━━━━━ EXCERPTED RECORDS

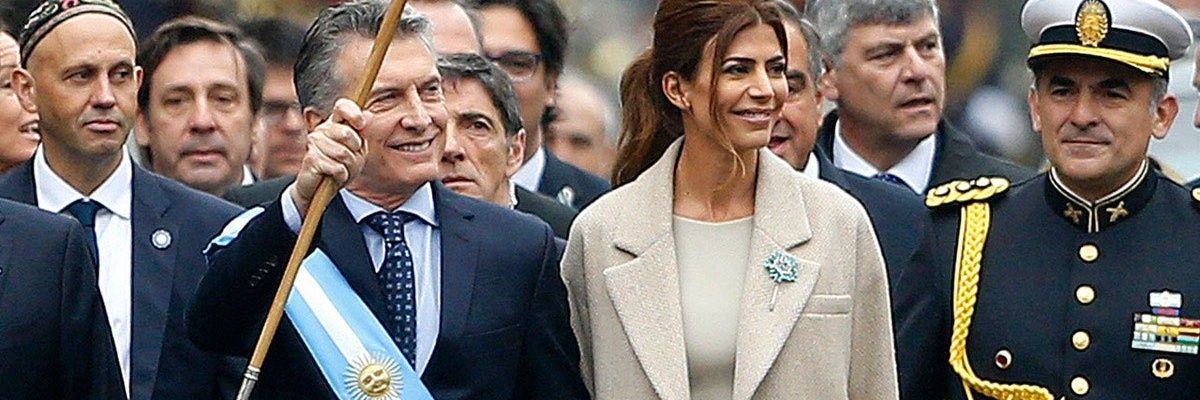 baqueromarco's profile banner image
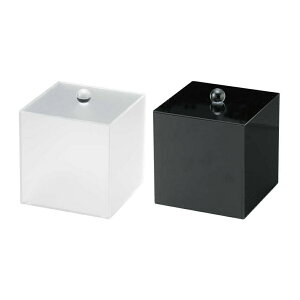 gCbgy[p[&}`P[X W126×D126×H145mm TC-40 (Aim)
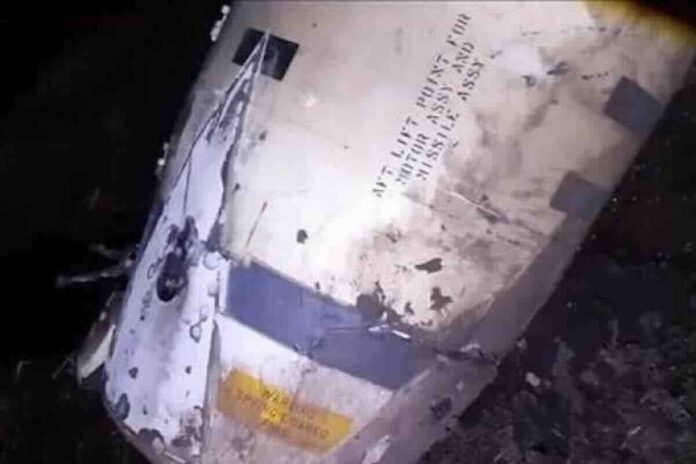 moskva raznela storm shadow, atacms skladišta raketa u odesi, dok gađa sve ukrajinske vojne aerodrome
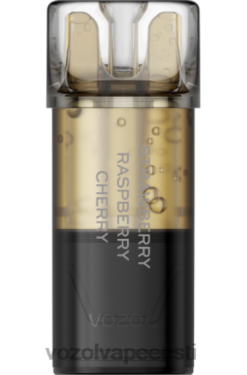 VOZOL Müük maasikas vaarikas kirss - VOZOL SWITCH pro PLNFX208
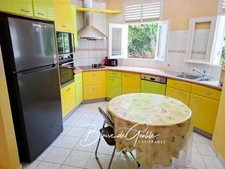 Maison à vendre Baie Mahault 7 pièces  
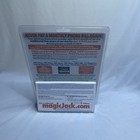 Magic Jack Plus Free Local Long Distance Calling Telephone Sealed Brand New 2014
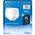 TrustPlus von Sunkiss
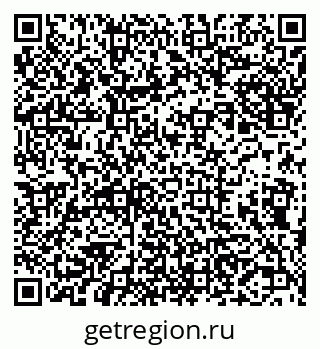 79631547790
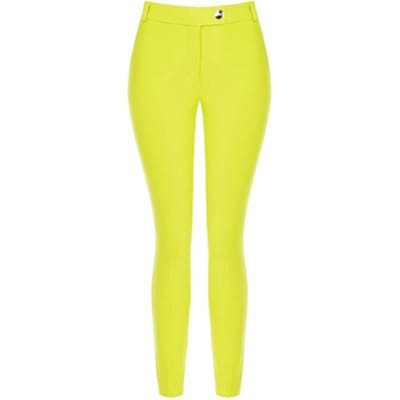 Broek Rinascimento CFC0117745003
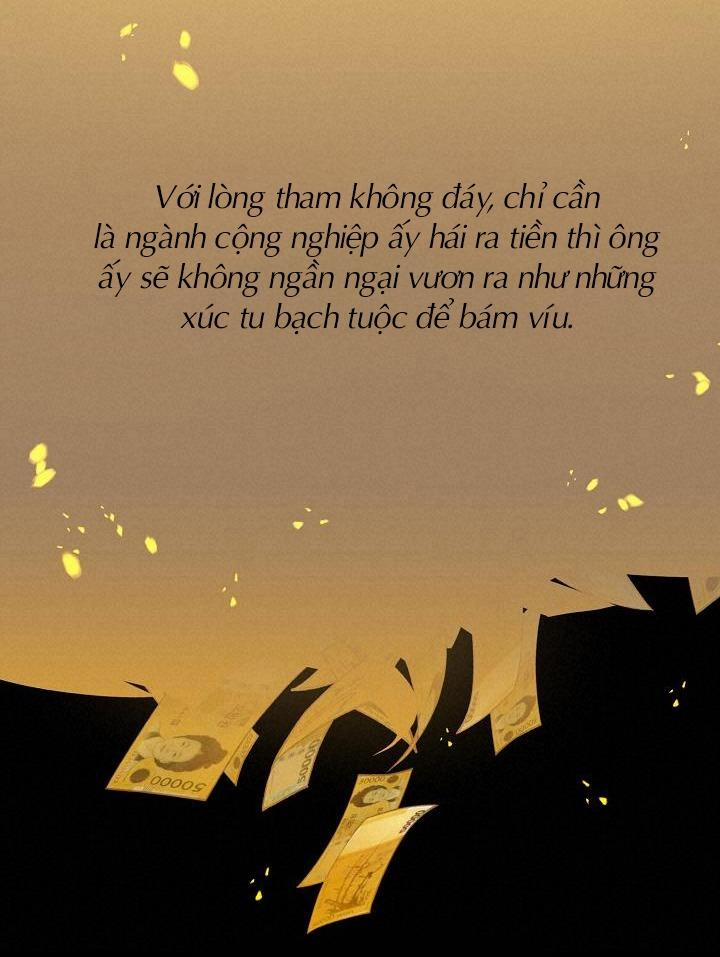 Tráo Đổi 2 trang 38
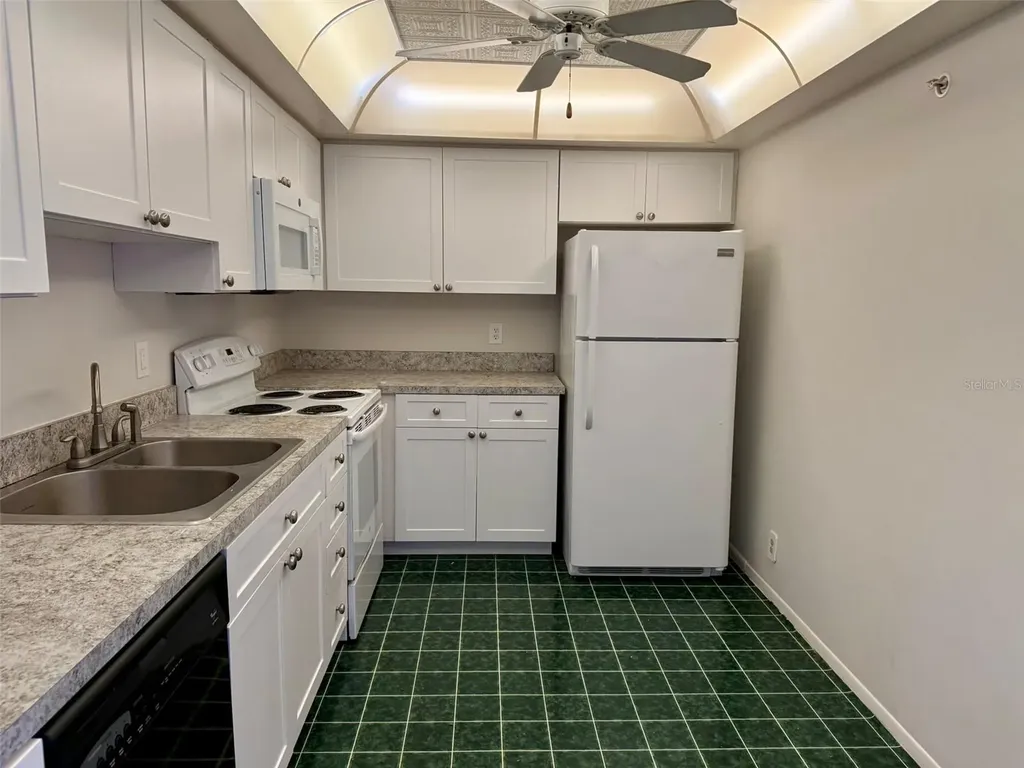 255 Dolphin Point Clearwater Beach FL 33767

━━━━━━━━━━

• [TASK REQUIREMENTS]:
Copy out each record shown above without alteration, skipping any picture.

• [SOLUTION FOR THIS PROBLEM]:
 baqueromarco's profile banner image
 gCbgy[p[&}`P[X W126×D126×H145mm TC-40 (Aim)
 moskva raznela storm shadow, atacms skladišta raketa u odesi, dok gađa sve ukrajinske vojne aerodrome
 VOZOL Müük maasikas vaarikas kirss - VOZOL SWITCH pro PLNFX208
 Maison à vendre Baie Mahault 7 pièces  
 Magic Jack Plus Free Local Long Distance Calling Telephone Sealed Brand New 2014
 TrustPlus von Sunkiss
 79631547790
 Broek Rinascimento CFC0117745003
 Tráo Đổi 2 trang 38
 255 Dolphin Point Clearwater Beach FL 33767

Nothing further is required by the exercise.